The latest property price figures from CoreLogic point to a fall nationally during May, led by the previously booming markets of Sydney and Melbourne.
The company’s head of research Tim Lawless told ABC News that May is generally a weaker month for prices as the laggards of the autumn selling season are sold.
“If we adjust for seasonality in our series, it looks like the monthly result is probably up about 0.1 per cent and the quarterly result probably 1.3 per cent,” he said.
However, Mr Lawless also observed that leading indicators of real estate activity were also showing signs of slowing, with a moderation in mortgage activity, more properties listed for sale and a dip from previously very high auction clearance rates.
Another leading property analyst, Louis Christopher from SQM Research, wrote earlier in the week about a rising trend in unreported auctions – as auction clearance data rely on agent reports of sales, this could indicate that the proportion of properties being sold is lower than the headline suggests.
Mr Lawless said the weaker trends likely reflect reduced investor activity in the market, as regulators push banks to cut lending to that sector.
“There are a lot of changes around credit policies from the lenders and, of course, the new macroprudential requirements to reduce interest-only lending are affecting investment demand,” he told the ABC.
“In fact, since August last year, we’ve seen investor mortgage rates for variable loans rise by about 25 basis points, so essentially a default rate hike.”
Sydney ‘more exposed’ to housing market ‘correction’
Mr Lawless observed that Sydney, which had seen the steepest price growth of around 75 per cent over the past five years, was showing the strongest signs of weakening.
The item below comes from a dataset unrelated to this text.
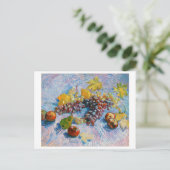 druiven, lemonen, peren en appelen, Van Gogh Briefkaart (Staand voorkant)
“It does look like Sydney is more exposed to a slowdown in investment activity,” he observed.
However, Mr Lawless is not amongst those predicting this slowdown to turn into a property market crash.
“Generally, very strong growth periods are followed by some level of correction,” he argued.
“The correction typically lasts around 18 to 24 months and we see values fall somewhere between 2 and 10 per cent.
“And I can’t see any reason why this new cycle would be any different.
“We aren’t expecting any sort of crash in the Australian housing market.”